By Ju-min Park and Dogyun Kim
MUAN COUNTY, South Korea, Dec 30 (Reuters) - Jeon
Je-young keeps playing the video of the plane with his daughter
and another 180 people on board slamming into a wall and
bursting into flames at a South Korean airport.
His daughter Mi-sook died on board. He still can't believe
it.
"When I saw the accident video, the plane seemed out of
control," said 71-year-old Jeon. "The pilots probably had no
choice but to do it. My daughter, who is only in her mid-40s,
ended up like this. This is unbelievable."

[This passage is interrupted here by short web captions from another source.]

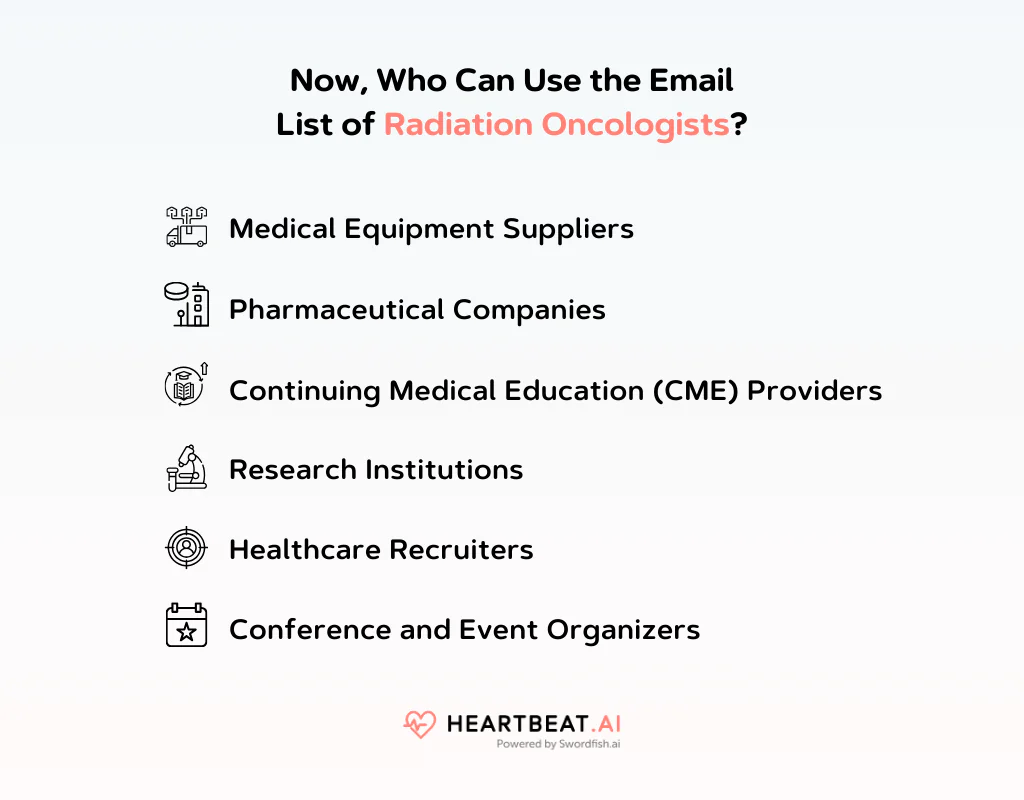 Use the Email List of Radiation Oncologists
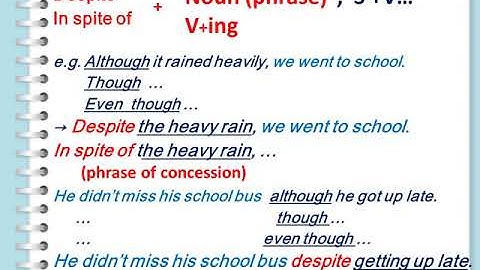 ENGLISH 9   CLAUSES of CONCESSION   VIDEO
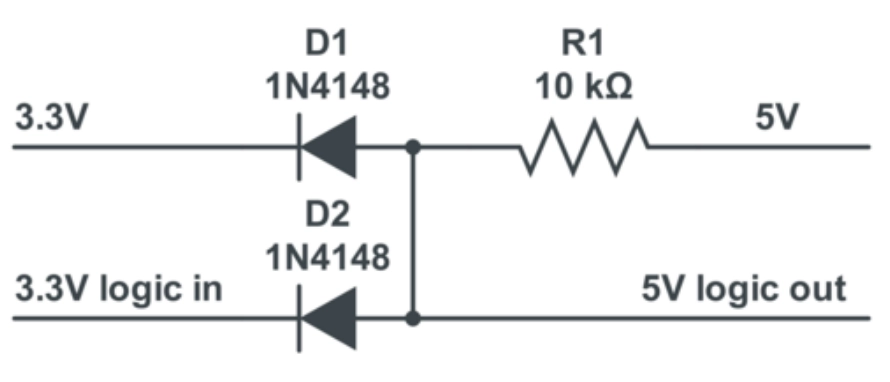 Виды и области применения полупроводниковых диодов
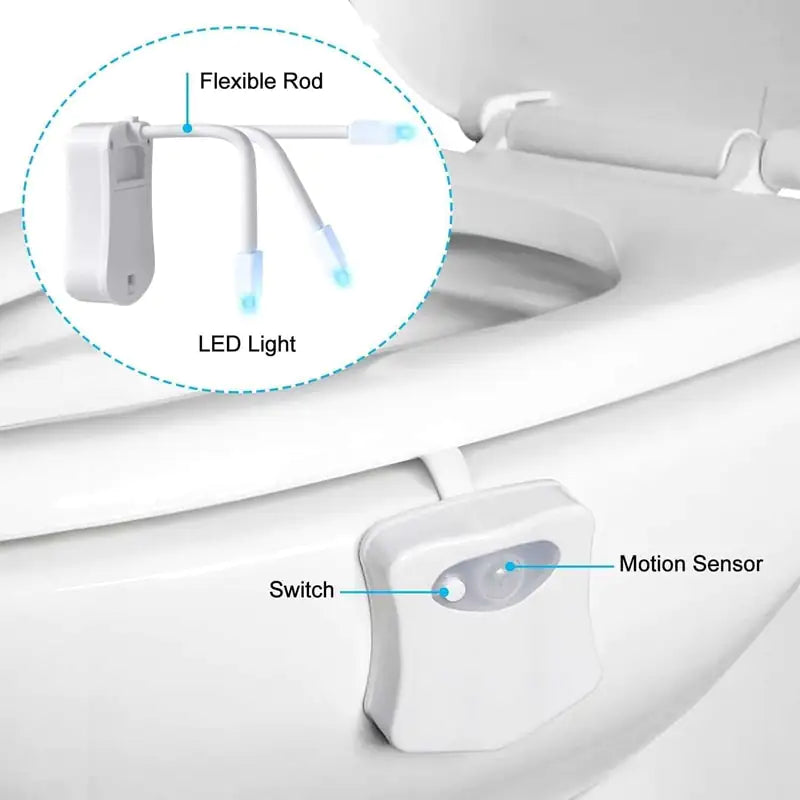 NightGlow Toilet Night Light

Mi-sook was a warm-hearted child, he said. She brought some
food and next year's calendar to his house on Dec. 21, which
became his last brief moment with her.
"She is much nicer than my son, sometimes asking me to go
out for a meal," Jeon recalled, showing his last exchanges with
his daughter on his mobile phone.
The deadliest air accident ever in South Korea killed 179
people on Sunday, when an airliner belly-landed and skidded off
the end of the runway, erupting in a fireball at the Muan
International Airport.
Jeju Air flight 7C2216, arriving from the Thai
capital Bangkok with 175 passengers and six crew on board, was
seen skidding down the runway with no visible landing gear
before crashing into navigation equipment and a wall in an
explosion of flames and debris.
Only two people - both crew members - survived and were
being treated for injuries.
GRIEF AND RAGE
Authorities called out the names of some of those killed in
the crash, triggering an explosion of grief and rage among the
passengers' families gathered in the airport's arrival area.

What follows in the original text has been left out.